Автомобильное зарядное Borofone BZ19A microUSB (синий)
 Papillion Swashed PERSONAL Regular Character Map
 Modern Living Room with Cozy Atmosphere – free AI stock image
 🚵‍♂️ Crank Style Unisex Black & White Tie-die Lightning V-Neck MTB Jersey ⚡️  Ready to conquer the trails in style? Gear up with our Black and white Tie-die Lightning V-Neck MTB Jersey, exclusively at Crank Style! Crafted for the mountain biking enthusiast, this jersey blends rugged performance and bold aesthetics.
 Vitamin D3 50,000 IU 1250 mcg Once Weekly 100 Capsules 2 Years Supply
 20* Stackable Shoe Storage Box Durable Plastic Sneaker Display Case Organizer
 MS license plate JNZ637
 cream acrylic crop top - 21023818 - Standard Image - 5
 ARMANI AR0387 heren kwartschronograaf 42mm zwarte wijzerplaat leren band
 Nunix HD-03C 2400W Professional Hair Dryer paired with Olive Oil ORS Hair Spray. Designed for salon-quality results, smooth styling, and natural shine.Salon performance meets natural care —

▸ TASK DETAILS
Please copy the lines above from the line with "and bold aesthetics." up to and including the line with "MS license plate JNZ637", exactly as written and with nothing else.

▸ ANSWER FOR THE TASK
 🚵‍♂️ Crank Style Unisex Black & White Tie-die Lightning V-Neck MTB Jersey ⚡️  Ready to conquer the trails in style? Gear up with our Black and white Tie-die Lightning V-Neck MTB Jersey, exclusively at Crank Style! Crafted for the mountain biking enthusiast, this jersey blends rugged performance and bold aesthetics.
 Vitamin D3 50,000 IU 1250 mcg Once Weekly 100 Capsules 2 Years Supply
 20* Stackable Shoe Storage Box Durable Plastic Sneaker Display Case Organizer
 MS license plate JNZ637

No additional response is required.